The title has not been chosen at random: In the words of Arévalo …
“It’s called the widest part of the Strait because I’ve focused mainly on what separates us. Despite the physical closeness, the distance that exists is, at other levels, immense. It is a distance that incidentally is widening with increased outbreaks of racism and more widespread xenophobia.”
It was in 1992 when García Arévalo, who worked for an agency in Madrid, spent a whole summer chasing photos that he thought would be unique. And most certainly they were. They were seen around the world. They were the first photographs of illegal immigrants crossing the Strait of Gibraltar.
“The summer of ‘92 was the first summer with a significant influx of immigrants that made us think that this was not anecdotal. It got into my head that I had to take pictures of the crossing. There was a demand for images that did not exist. I would travel to Tarifa at night in my father’s car and it was a matter of waiting. After a month and a half, I took some photos that went around the world,” he says.
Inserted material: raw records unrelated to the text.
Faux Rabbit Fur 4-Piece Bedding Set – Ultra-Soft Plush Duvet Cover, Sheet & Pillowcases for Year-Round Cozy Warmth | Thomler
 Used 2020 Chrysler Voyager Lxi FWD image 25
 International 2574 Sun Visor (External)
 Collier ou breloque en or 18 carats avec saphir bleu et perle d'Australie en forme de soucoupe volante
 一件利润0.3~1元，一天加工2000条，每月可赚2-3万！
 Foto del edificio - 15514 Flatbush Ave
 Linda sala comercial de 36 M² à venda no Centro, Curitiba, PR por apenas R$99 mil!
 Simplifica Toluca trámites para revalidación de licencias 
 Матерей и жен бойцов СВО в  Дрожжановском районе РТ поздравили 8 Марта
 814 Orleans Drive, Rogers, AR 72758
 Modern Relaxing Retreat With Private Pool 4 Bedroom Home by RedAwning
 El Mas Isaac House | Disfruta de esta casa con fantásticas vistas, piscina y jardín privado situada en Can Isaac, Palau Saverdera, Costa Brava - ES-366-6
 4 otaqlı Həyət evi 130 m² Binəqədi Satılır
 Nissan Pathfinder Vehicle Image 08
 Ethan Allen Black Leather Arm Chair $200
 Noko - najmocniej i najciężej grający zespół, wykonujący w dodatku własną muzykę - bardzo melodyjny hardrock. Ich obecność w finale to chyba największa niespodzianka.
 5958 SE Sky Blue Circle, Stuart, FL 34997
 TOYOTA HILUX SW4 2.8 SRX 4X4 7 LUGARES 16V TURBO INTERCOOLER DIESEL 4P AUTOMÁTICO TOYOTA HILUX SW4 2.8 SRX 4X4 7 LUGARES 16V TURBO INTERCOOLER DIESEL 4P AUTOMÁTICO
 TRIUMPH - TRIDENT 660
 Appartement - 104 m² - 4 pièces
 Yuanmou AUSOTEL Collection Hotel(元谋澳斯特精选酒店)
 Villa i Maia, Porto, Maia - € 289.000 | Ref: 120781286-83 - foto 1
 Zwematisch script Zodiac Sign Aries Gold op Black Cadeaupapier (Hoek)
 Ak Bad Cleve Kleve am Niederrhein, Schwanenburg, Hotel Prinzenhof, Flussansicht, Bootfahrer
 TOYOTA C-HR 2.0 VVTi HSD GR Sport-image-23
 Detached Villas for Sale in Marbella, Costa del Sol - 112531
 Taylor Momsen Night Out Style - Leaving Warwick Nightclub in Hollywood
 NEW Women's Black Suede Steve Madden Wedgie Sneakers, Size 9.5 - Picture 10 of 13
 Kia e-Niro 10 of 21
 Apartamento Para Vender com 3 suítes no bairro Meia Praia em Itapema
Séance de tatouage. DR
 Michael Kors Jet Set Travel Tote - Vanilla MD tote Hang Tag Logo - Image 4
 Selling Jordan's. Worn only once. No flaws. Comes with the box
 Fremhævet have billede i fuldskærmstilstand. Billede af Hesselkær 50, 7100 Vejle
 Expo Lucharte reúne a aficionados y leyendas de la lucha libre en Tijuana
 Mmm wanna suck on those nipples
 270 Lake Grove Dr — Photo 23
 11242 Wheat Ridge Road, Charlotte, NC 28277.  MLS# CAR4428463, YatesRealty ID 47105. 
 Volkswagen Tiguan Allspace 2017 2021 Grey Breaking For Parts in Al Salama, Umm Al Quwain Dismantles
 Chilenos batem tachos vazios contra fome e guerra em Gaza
And the effort was worth it: “Today, unfortunately, we are used to seeing all kinds of stories about immigration, but 26 years ago we weren’t. In this profession, the most important thing is instinct, and I sensed that everything had a history. Unfortunately, time has proven me right”.
His curiosity made him want to explore in depth this phenomenon. He has travelled to 17 countries in the Middle East, Sub-Saharan Africa, and the Maghreb to explore the reality of the places of origin, passage, and arrival of immigrants, with many of whom he has spoken to Criminals dedicated to human trafficking have also been captured by his lenses, as well as many moments of anguish.
From all these years and experiences, García Arévalo has selected 25 thought provoking stories so that the viewer stops and thinks again about a tragic reality that persists and over which the excess of information and images have been able to desensitise us.
And it is precisely that, the lack of sensitivity and interest that irritates this photographer:
“There are people who leave their country for economic reasons but others do it because of conflicts, and we usually put them all in the same bag. It shocks me a lot to see that despite all the information available, a large part of the population is still uninformed.”
García Arévalo has followed the phenomenon of illegal immigration closely in recent months and is pessimistic: “It has been terrible but, unfortunately, it will continue to be.”